Le jeu d’acteur et de chanteurs n’est pas moins admirable dans cette harmonieuse conception d’ensemble d’une œuvre qui bannit l’harmonie traditionnelle pour nous plonger dans une effervescence musicale sans repères.
La distribution est sans faille du premier au dernier rôle, dans une notable symétrie des voix masculines entre aigu et grave : quatre pour chaque tessiture. Till Fechner et Francis Dudziak prêtent leur sombre et belle voix au Premier et Deuxième ouvrier. Cécile Galois est une accorte et acerbe Margret abondante de vie qui disputerait âprement à Marie l’homme objet qu’est le tambour-major, Hercule de foire, auquel Hugh Smith donne sa stature physique et vocale de grand ténor. Dans le même registre mais plus léger, Stuart Patterson (l’Idiot) devient ici la Mort de l’enfant d’une douceur (souvenir du Boris de Moussorgski ?) qui fait froid dans le dos.

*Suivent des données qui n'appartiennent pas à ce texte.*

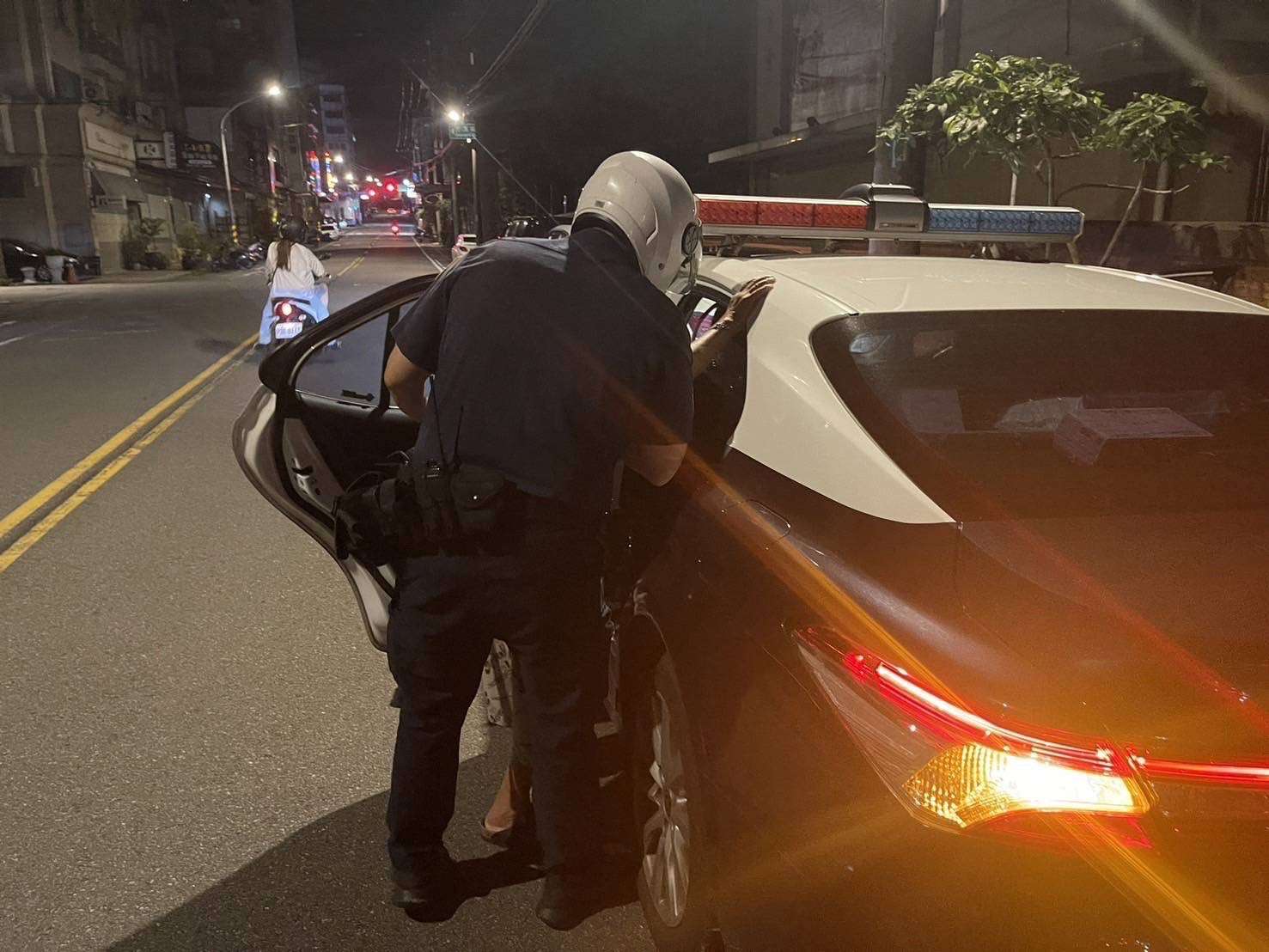 失智翁獨自外出迷途 楊梅警助結束流浪記 S 66797630 0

Premier interlocuteur du soldat manipulé, le Capitaine, incarné par Gilles Ragon, est effrayant de cruelle banalité, voix acide et coupante d’un sadique. Ses adresses à Wozzeck, « honnête homme », répétées à l’obsession comme le « honest Iago » d’Othello, il les fait sonner comme les ordres menaçants d’un kapo d’un camp de concentration ; de ses glissandi du Sprechgesang, il fait autant de glissages perverses sous les pas du malheureux. Sa voix de ténor fait paire contrastante et consentante avec son compère, le Docteur fou, Frode Olsen, basse noble versée dans d’ignobles expérimentations scientifiques, plus halluciné que le présumé fol Wozzeck, couple de guignol tragiques et timorés, forts avec le faible, oppresseurs sociaux instillant le fiel du doute dans l’âme candide du malheureux. Andres est campé chaleureusement par le ténor Torsten Büttner, inutile ami pour le héros s’enfonçant dans la solitude. Stature athlétique pour une âme d’enfant, Andreas Scheibner, digne voix claire de baryton pour la noirceur du drame, sachant l’adoucir de tendresse envers l’enfant et d’amour envers Marie, serait l’image de la force virile sans la fêlure intime, et le poids de la douleur du monde sur ses épaules voûtées, déjà abandonné à la fatalité : un géant bouleversant de fragilité. L’émouvante Marie de Noëmi Nadelman a une belle correspondance physique avec Wozzeck : dans un corps de vamp du cinéma néo-réaliste italien, aux formes voluptueuses, sensuelle, elle exhale une voix délicate, raffinée, souple et maternelle, corrodée de doutes, de remords : sa lecture de la Bible et sa berceuse à l’enfant sont de grands moments d’émotion. Même si le chœur  n’est pas très important ici, il faut saluer encore le travail méticuleux de Pierre Iodice. Réussite à tous les niveaux.

Wozzeck d’Alban BERG
Opéra de Marseille12, 15, 18, 20 mars 2011 
Nouvelle production en coproduction avec le Vlaamse Opera d’Anvers.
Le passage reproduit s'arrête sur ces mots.